Vasic: We are talking about what Mira’s followers are calling geopolitics. Do not forget that the Russians also protected General Veljko Kadijevic until his death. Mira Markovic is a small pawn in a big chess game that Russia is playing with the Balkans and the rest of the world and they will use her as long as they can. That can be seen with the success of her memoirs among the pro-Russian right-wing supporters here in Serbia. Mira serves them as an additional small pawn that will eventually be activated, but I do not see where she could be activated now considering the political orientation of the current authorities; nevertheless it is good to have someone heating up the story about Milosevic.

Karabeg: Do you think that it is in the interest of current authorities in Serbia to have Mira Markovic return to Serbia?... she does not plan on returning. The authorities do not plan to withdraw the indictment or the Interpol arrest warrant.

Jaksic: I do believe that. This government, like the one before, has been unable to deal with the mysteries surrounding the assassinations of Milosevic’s best man Ivan Stambolic and of Slavko Curuvija. Serbia is not yet ready to face those big truths that could cause turbulence in its social landscape, and Mira Markovic is skillfully using that. She does not have the courage to face local justice, but she can lecture and send messages through her book wrapped in some leadership vision. Many do not want her returning to Serbia.
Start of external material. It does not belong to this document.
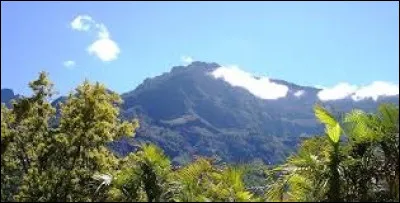 Géographie : Quel est le point culminant de l'île de La Réunion ?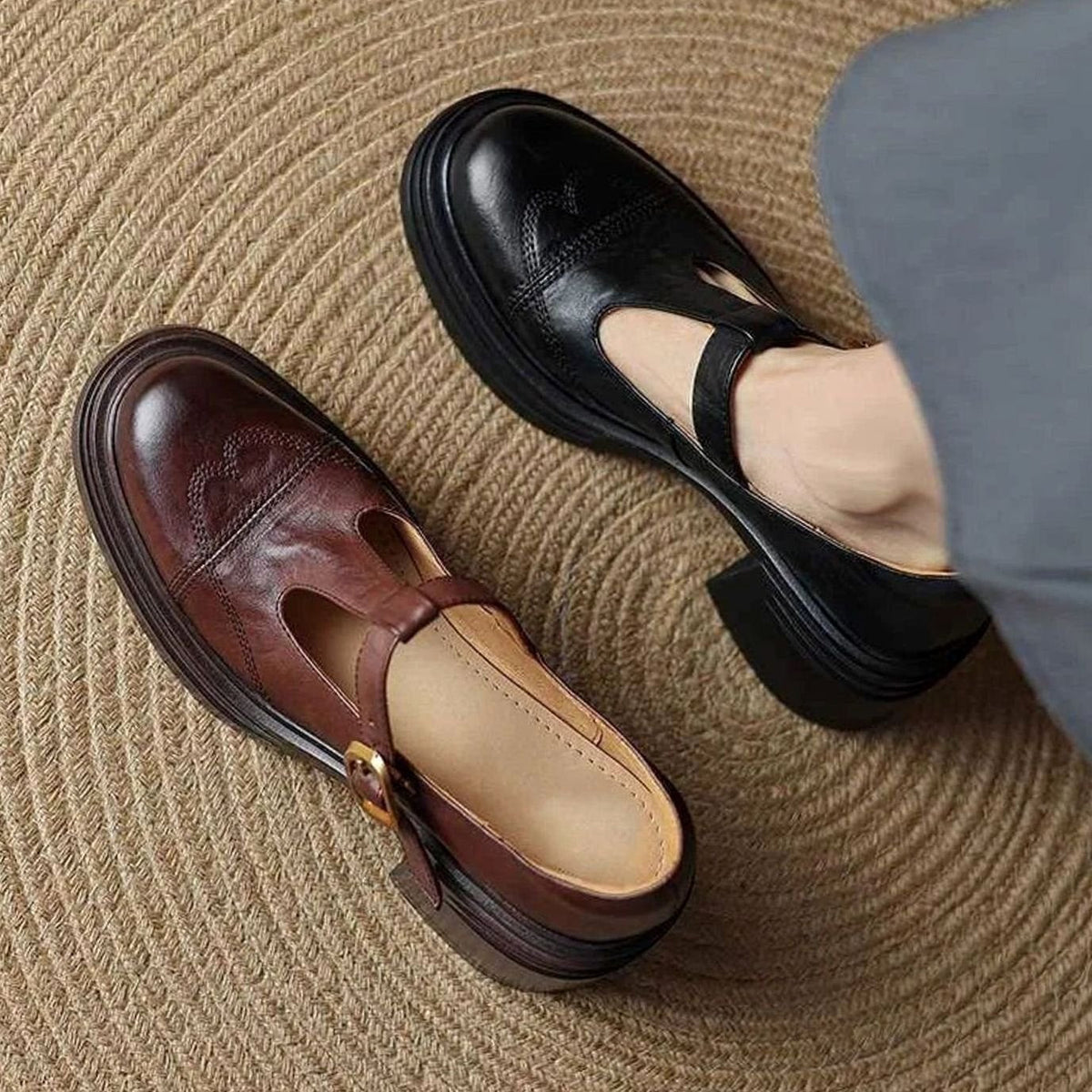VIVIAN leren T-strap pumps in bruine kleur op een neutrale achtergrond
Vasic: She is going to sit in Moscow for the rest of her life because this government wants want both Mira and Slobodan forgotten. Just like Tadic’s government wanted Zoran Djindjic forgotten, to be only remembered on March 12, the day of his death. These in power now want to see Mira sitting in Moscow – let her stay there and occasionally write something if the Russians agree, and I believe they do want to reactivate the story of Milosevic in Serbia from time to time. …{But] All I need in Belgrade now is Mira.